Before she lived with them, Karissa had graduated from high school. But the Wrights encouraged her to continue her education, helping her enroll at Mesa Community College and driving her to and from classes every day.
The Wrights also paid her tuition.
But in June, after a year of providing Karissa a home, the Wrights had to move again, this time to Chicago's South Side. Karissa would need to find another place to live, but she was repeatedly assured she was always a part of their lives.
"I was scared I would screw up and they would abandon me. That was my fear, for a lot of the time I was with them," Karissa says. "But every time I voiced my concern, they always told me that I was family and families stick together.
"They've never faltered on that."
Before the Wrights left town, Jason and Tiffany purchased Karissa a green 1999 Honda Accord.
"I love it," Karissa proudly said.
She's completed more than a year of classes, and Karissa is debating whether to transfer to Arizona State University or another school for a completely fresh start. But she knows that the Wrights will always be there for her.
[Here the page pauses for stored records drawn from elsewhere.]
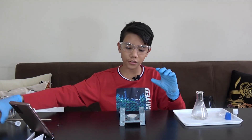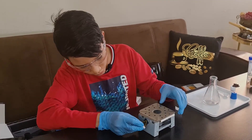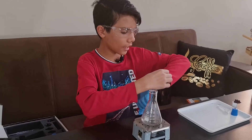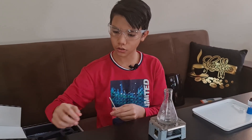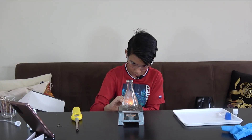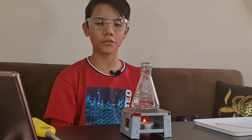I'll set the flame diffuser over the stove and apply the thermochromic sticker to the side of the stove so that we know when it's hot. Now I'll put our flask on top of the stove, take off our protective gloves, and light the candle using the wooden splint. Bismillah. We'll start the timer for three minutes and now we wait.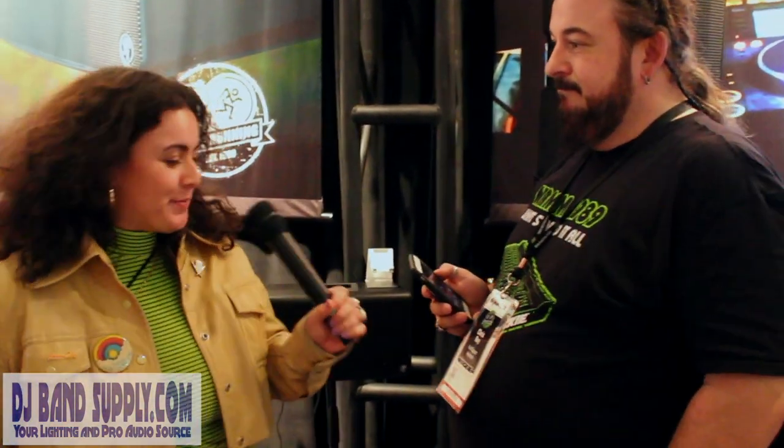Hey guys, we're at the NAMM show and I'm at the Mackie booth. We've got Chris here and he's gonna tell us about a few of the products that they've got. Chris, tell us all about it.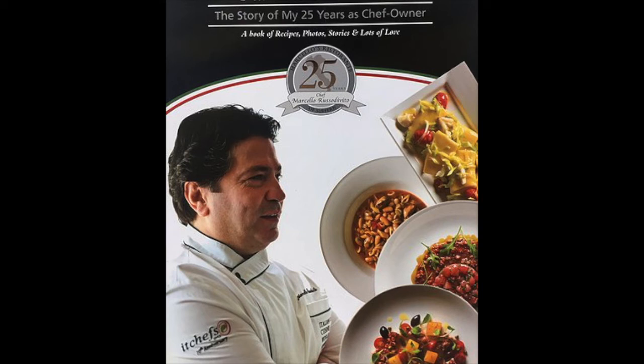Thank you very much. This is Peace Manicism, talking with Chef Marcello at Nyack Seaport. Hope you all have a wonderful day. Take care.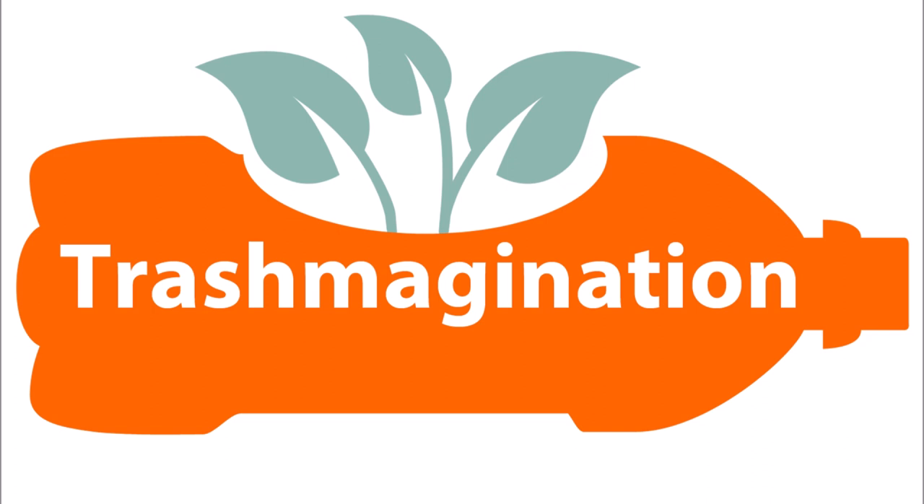Welcome to Trashmagination, a podcast about reimagining trash. I'm Carla Brown. In today's episode, we will talk about creative reuse of hubcaps.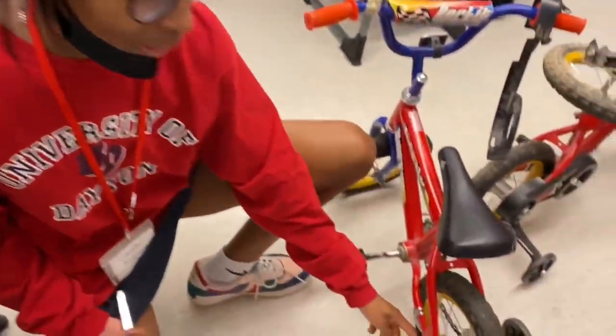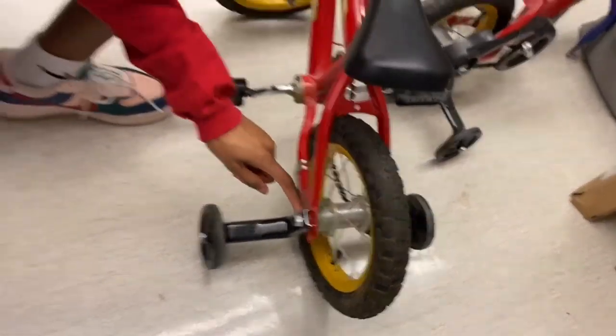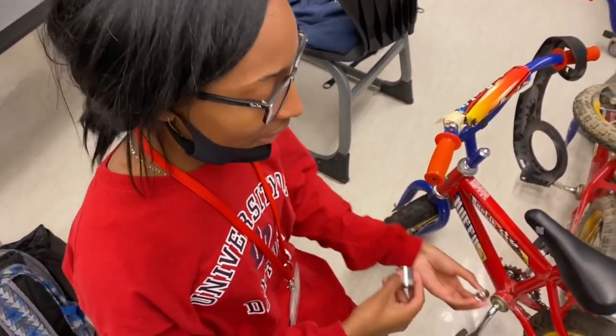I want to take the training wheels off of this bike, and in order to do so I'm going to need a socket that fits the nut on the training wheels. So before I attach the socket to the wrench, I'm going to see which one of them fits the nut.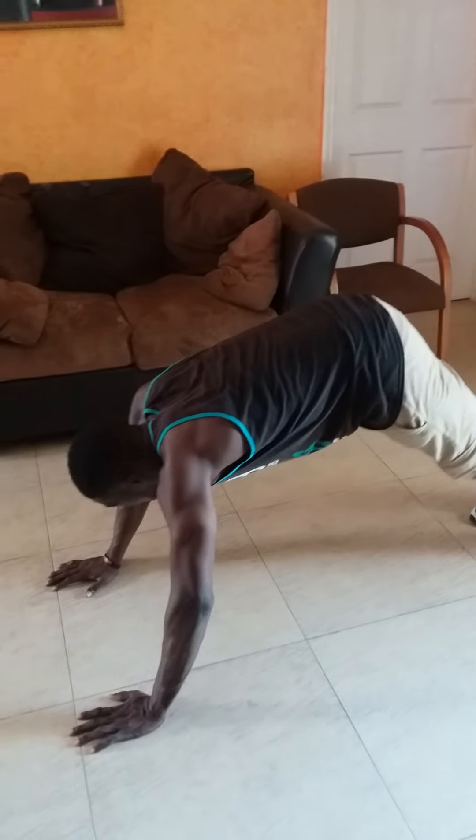Knee up — one, two, three, four, five, six, seven, eight, nine, ten!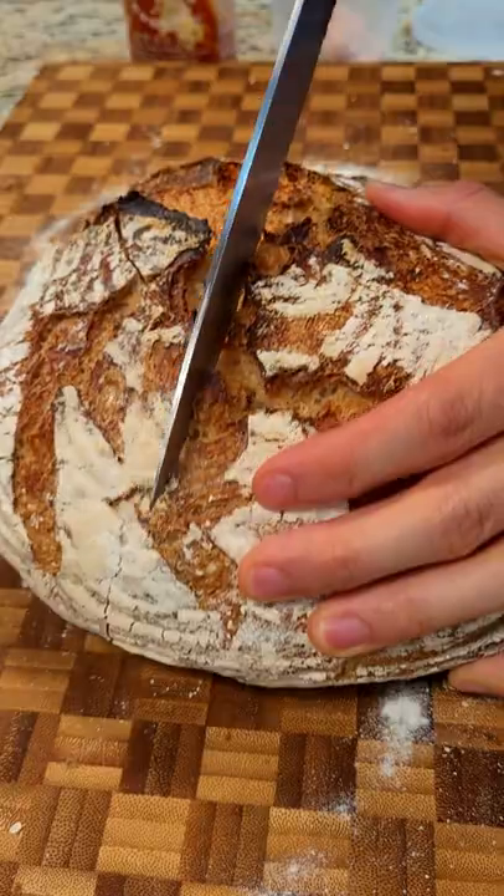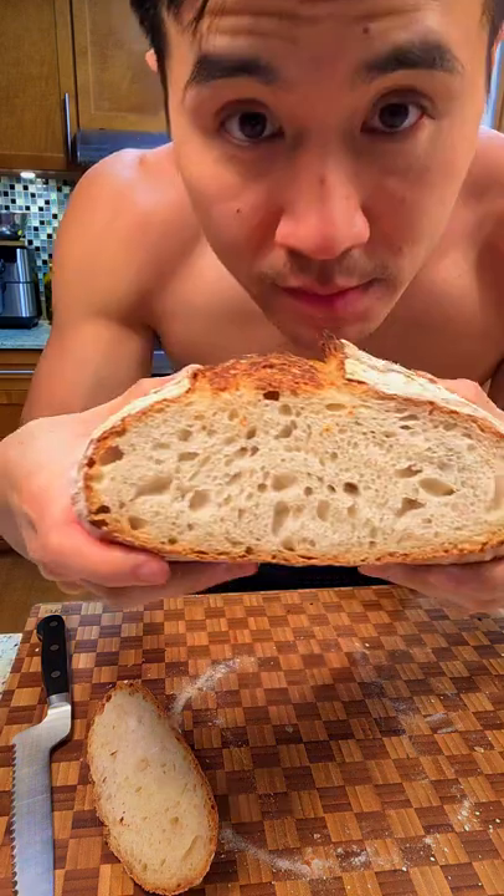My volleyball team just won their first game, so when I came home, yeah, I was pretty hyped to eat this bread.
She's joined them at Jason's parents' home for Christmas and frequently receives pictures of her baby sister Gabrielle.
When they hear of Karissa's comments, both Jason and Tiffany are nearly moved to tears.
"Besides wanting to cry, I have to say that while we've obviously been a blessing to her, she's been as much of a blessing to us. And I'm not saying that in a superficial way," Tiffany says. "Karissa is such an amazing young woman, and I can't imagine not having her in my family."
Adds Jason, "I just say glory to God.
"There's no doubt he's working through us, because we're not that great."